The profound thing is the potential for change. As soon as you are aware, on whatever level, of your own agency, you can act on it. We are like self-designing tower blocks. Each aiding in our own maintenance and repair, building up new parts of our personas when we choose to.
Where am I going with this?
Everything begins in a mess. But it’s less that things are a mess and more that they are in transition. The building site was once something else. Each newborn comes from the actions of previous humans. Take a step backwards, and maybe everything looks like a mess because we are at the initial stages of some gargantuan project.
I dabble in the world of Bitcoin, and the people who are involved with the field love saying, “we’re so early”. They are referring to widespread societal take up of Bitcoin which may or may not happen. However, I like this, as it’s so optimistic. If you’re an early adopter, you’ve got an advantage. If you’re early with a project, you’ve got time. If you’re early in life, you’ve got years ahead of you.
I’m not religious but I think the concept of faith is important. I think we need to have faith in our own abilities, and faith that the larger populace is building towards a better future. I don’t believe for one minute that we are simply brains in skull-vats attached to meat-bags of bodies that must constantly consume food and respire.

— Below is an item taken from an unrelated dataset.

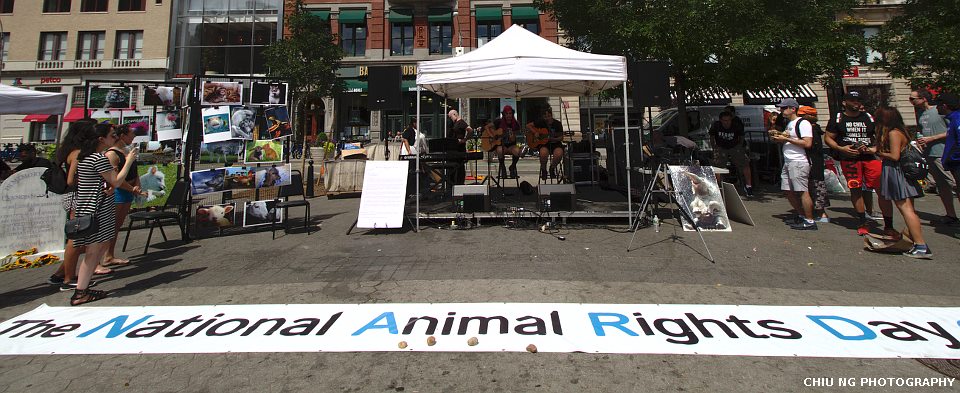National Animal Rights Day 2016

My guess is we are part of a pattern. Perhaps a spiritual pattern somehow. Who knows? I like to think we could all be a part of an existence that is endlessly evolving towards a higher plane.
The main point
I challenge you to look upon a bad day and find some good in it. Look at how you are building yourself or other people are building you up. Keep things in perspective and remember, we can all build, we can all change. And most importantly, if you find yourself in a mess, consider it a transition. Have faith in a new beginning.